In a world of Big Data analytics, debate continues to heat up around the potential of “alternative data” to benefit both businesses and consumers. This hot-button issue has caught the attention of leaders on Capitol Hill. Two congressmen in particular are actively pursuing new legislation that would expand the payment data found in credit reports.
Congressmen Keith Ellison (D-MN) and Mike Fitzpatrick (R-PA) have re-introduced the Credit Access and Inclusion Act. It adds a provision to the Fair Credit Reporting Act (FCRA) intended to encourage utility and telecommunications companies to report their customers’ payment information (both late and on-time payments) to the credit bureaus. According to the bill sponsors, this will remove regulatory uncertainty (e.g., privacy restrictions imposed by state regulatory commissions) that has prevented many businesses from voluntary reporting this payment data.
So what’s the big fuss? The sponsors believe this data will make credit available for millions of consumers who had previously been unable to gain access to credit markets as a result of having insufficient payment activity on their credit reports. The bill sponsors cite extensive research by non-profit think tank Policy Economic Research Council (PERC) that suggests the bill will help raise the credit scores of tens of millions of consumers, including low and moderate income (LMI) individuals. According to PERC, adding one utility account to the credit file would enable the generation of a credit score for 74% of consumers who previously did not have enough credit history to generate one.
PERC asserts that the bill will help consumers across the demographic spectrum.
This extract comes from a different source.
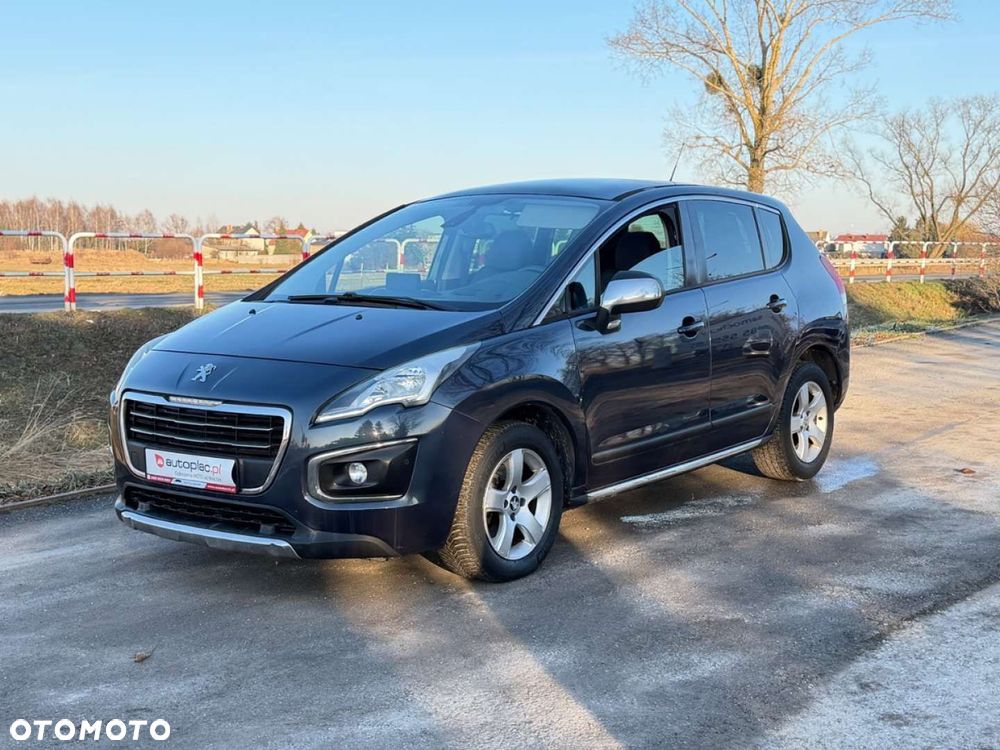 Peugeot 3008 - 6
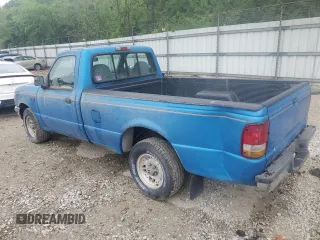 1994 Ford Ranger Splash with VIN 1FTCR10A7RTA36216, listed as a Copart auction lot 56470205 with 518,865 mi miles and Clean Title. Bid and sale history available at DreamBid. Image 2.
For example, if complete utility and telecommunications payment history was reported to the credit bureaus, PERC found that 15% of 18-25 year-old consumers would go from no credit score to being eligible for a prime rate. The same would occur for 11% of adults over 66 years of age, 15% of Latinos, 10% of African Americans and 7% of renters.
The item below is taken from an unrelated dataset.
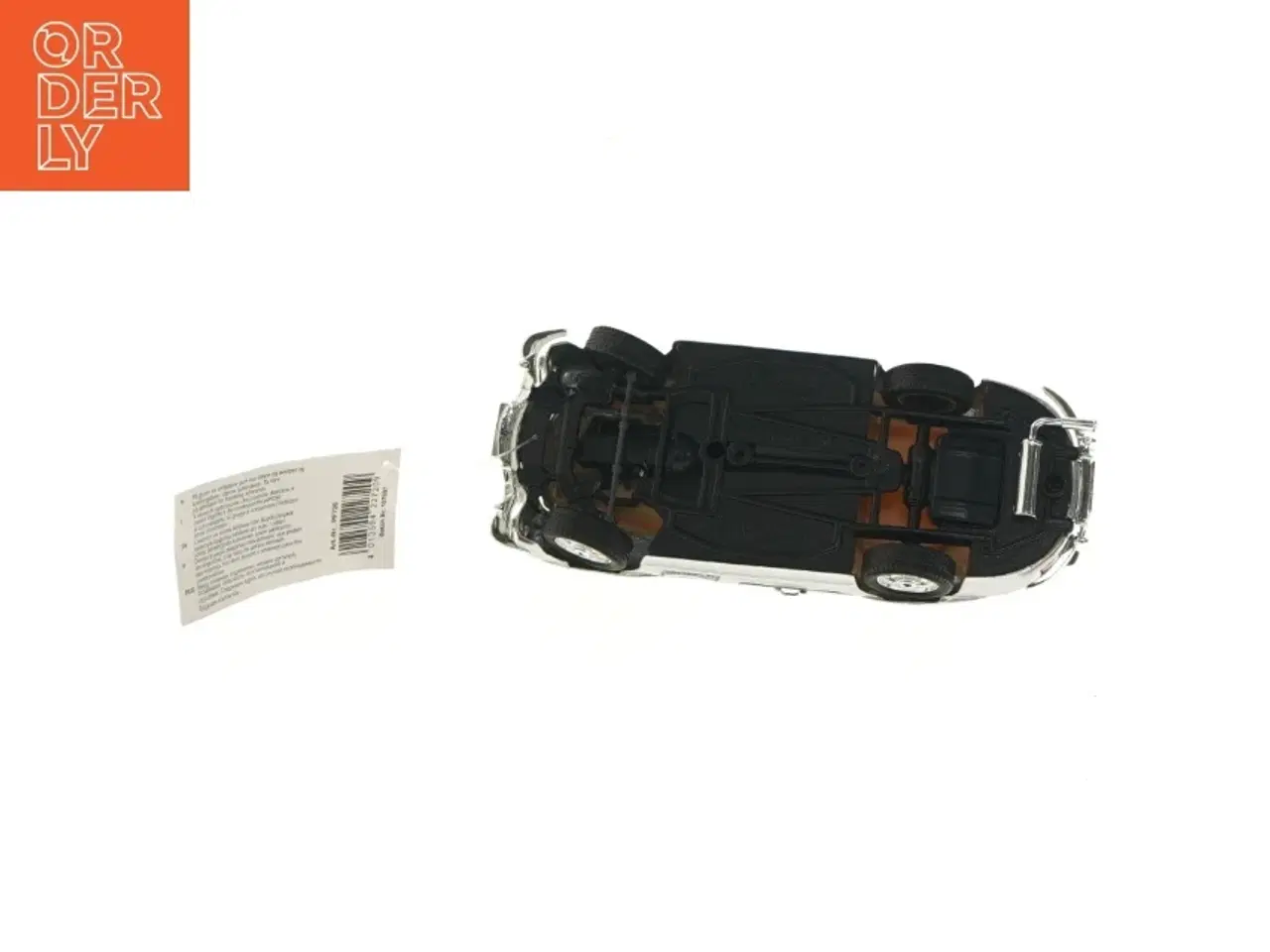 Billede 4 - Mercedes-Benz legetøjsbil (str. 19x7 cm) fra Mercedes-Benz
In a Congress that has seen few bills gain the bipartisan support needed for passage, both Congressmen Ellison and Fitzpatrick believe that their legislation will appeal to both parties. In fact, a group of House Democrats and Republicans have already co-sponsored the bill.
However, there are several hurdles still to be cleared. Will the crowded House legislative agenda enable the bill to come up for a vote? If the bill passes in the House, who will champion it in the Senate? And while the bill has a diverse group of supporters, a few consumer groups have raised concerns. They worry that reporting utility payment data may have a negative impact on LMI consumers who might, for example, make late payments during high-cost months or at times of illness or financial hardship.
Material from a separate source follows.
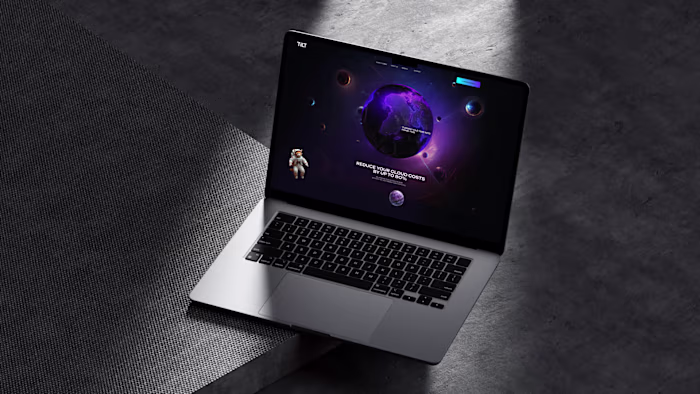 TILT Website Redesign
The bill sponsors are confident that any perceived challenges can be worked out, and that ultimately this legislation will be a “win-win” for everyone, including LMI consumers.
We at FICO always have a keen interest in examining new forms of consumer payment data to determine whether it can provide added predictive value to the FICO® Score and help expand the overall scorable universe. Will a change in the FCRA spark more full-file reporting by utility and telecom companies? Some congressional and industry leaders think so, and as a result, we will follow activities on Capitol Hill closely, and provide an update if there are significant developments with this legislation.